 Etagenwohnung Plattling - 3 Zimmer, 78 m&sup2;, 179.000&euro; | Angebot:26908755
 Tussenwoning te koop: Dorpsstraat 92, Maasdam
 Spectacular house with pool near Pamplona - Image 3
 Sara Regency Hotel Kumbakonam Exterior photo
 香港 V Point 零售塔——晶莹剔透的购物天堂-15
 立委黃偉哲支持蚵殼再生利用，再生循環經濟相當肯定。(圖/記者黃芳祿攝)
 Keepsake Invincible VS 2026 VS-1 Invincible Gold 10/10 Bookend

================================

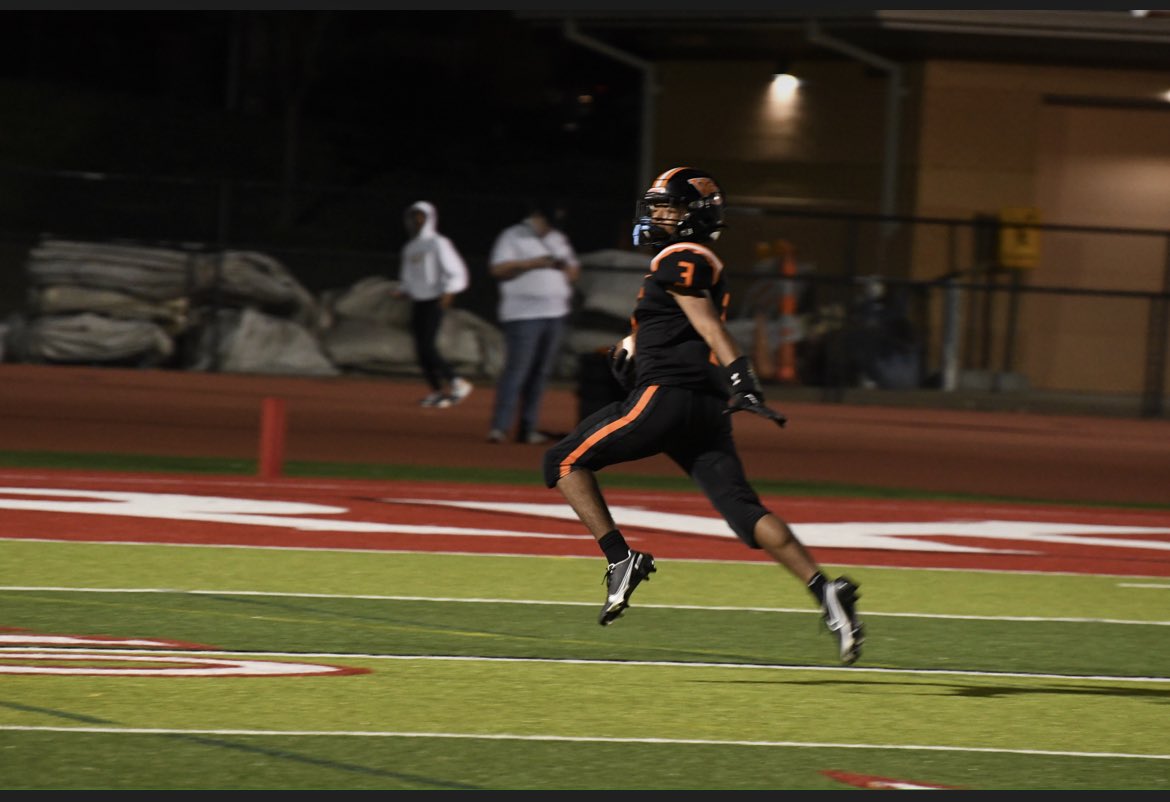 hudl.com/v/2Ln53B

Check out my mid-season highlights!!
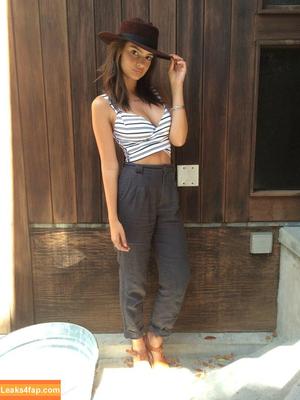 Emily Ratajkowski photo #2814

================================

Using the data above, reproduce exactly the lines between those holding "Spectacular house with" and "Keepsake Invincible VS", inclusive, and no others.

 Spectacular house with pool near Pamplona - Image 3
 Sara Regency Hotel Kumbakonam Exterior photo
 香港 V Point 零售塔——晶莹剔透的购物天堂-15
 立委黃偉哲支持蚵殼再生利用，再生循環經濟相當肯定。(圖/記者黃芳祿攝)
 Keepsake Invincible VS 2026 VS-1 Invincible Gold 10/10 Bookend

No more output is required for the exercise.